Here is what I learnt from that discussion:

  1. If you want to get comments and traffic for your blog – write about blogging and commenting!
  2. As Allison Tait, from Life in the Pink Fibro, pointed out in her post about the difference between writing and blogging, blogging is as much about engaging with our readers as it is about the actual writing itself.  Us bloggers like to hear back from our readers about what we write.  We want to engage our readers in conversation.  We want to connect with the rest of the human race.
  3. There is more than one way to engage with your readers, so take advantage of as many of them as you can.  A lot of blog post conversations take place on Twitter, while others generate discussion on Facebook.  Some of your readers may want to email you instead of commenting on your post, so make it easy for them to find your email address.
  4. Commenting on other blogs does not necessarily mean that you are going to get comments back on yours.  I think it depends on which blogs you choose to comment on and what you say.  For me it’s a question of finding (and continue looking for) blogs that I love, blogs that really speak to me on some level and going back to them to read and comment on most posts. Just like Allison writes, I try to be “neighbourly”, as in, “I’m here, I’m reading, I understand, thank you for making me laugh”. I used to be pretty random with my commenting, but in the last week or so, I have been reading less and commenting more.
  5. For me, comments on my blog help me see that I am connected to others and that’s why I treasure them.  Sometimes, they represent the only adult conversation I might have all day.  (I know – I need to get a life….)
  6. It helps if your friends and/or family are bloggers too.  They understand your need to connect with others through comments and will generously comment on your blog, just as you will on theirs.  You could think about finding a Blogging Buddy or three.
  7. Finally, you need to give readers something to comment on.  You need to create an emotional connection with your audience.  I don’t have a magic formula for that.  Sometimes this works and sometimes it doesn’t.  Asking a question at the end of your post can sometimes help to generate comments, but again, that emotional connection needs to be there.  Whether your post is sad, or funny, or angry, if your words are able to convey that emotion to the reader, you will most likely get some very thoughtful comments.
So, those are my conclusions.
For me, comments are important.
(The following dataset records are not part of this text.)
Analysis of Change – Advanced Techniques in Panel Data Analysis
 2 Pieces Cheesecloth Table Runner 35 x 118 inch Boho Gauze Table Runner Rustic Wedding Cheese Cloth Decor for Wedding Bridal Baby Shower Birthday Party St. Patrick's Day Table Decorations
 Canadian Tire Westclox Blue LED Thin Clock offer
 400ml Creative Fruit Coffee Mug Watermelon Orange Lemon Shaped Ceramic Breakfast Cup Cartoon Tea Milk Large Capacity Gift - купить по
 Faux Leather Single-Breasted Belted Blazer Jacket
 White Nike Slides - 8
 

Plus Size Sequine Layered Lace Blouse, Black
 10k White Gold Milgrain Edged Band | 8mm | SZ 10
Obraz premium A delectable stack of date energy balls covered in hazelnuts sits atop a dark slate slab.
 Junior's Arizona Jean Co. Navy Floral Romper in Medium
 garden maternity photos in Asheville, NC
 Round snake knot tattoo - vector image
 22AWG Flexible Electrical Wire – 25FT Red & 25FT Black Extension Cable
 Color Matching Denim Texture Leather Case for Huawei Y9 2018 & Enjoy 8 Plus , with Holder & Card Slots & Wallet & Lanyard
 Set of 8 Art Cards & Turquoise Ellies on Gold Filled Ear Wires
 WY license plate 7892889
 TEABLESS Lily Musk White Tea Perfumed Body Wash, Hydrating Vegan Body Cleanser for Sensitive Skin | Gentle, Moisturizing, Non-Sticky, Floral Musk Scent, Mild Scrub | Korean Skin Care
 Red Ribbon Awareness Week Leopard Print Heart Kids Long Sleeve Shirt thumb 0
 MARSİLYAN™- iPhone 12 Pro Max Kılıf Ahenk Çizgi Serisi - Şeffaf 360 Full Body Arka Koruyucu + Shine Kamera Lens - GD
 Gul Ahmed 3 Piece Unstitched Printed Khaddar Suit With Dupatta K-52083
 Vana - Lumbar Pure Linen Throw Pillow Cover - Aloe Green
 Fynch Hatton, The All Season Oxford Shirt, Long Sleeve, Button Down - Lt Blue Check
For others, not so much.
I write because I want to, because I need to get the stuff out of my head, because I need to “talk” to someone.  Sometimes I write really well, sometimes I don’t.
I keep pushing myself.  I keep trying different things.  Writing about different topics.  You, my readers, respond really well to some posts and are probably bored by others.  That’s OK.  You don’t have to tell me you love me all the time.  I’ll be happy with the occasional “hello”…
What about you?  What have you learnt about commenting in your blogging career?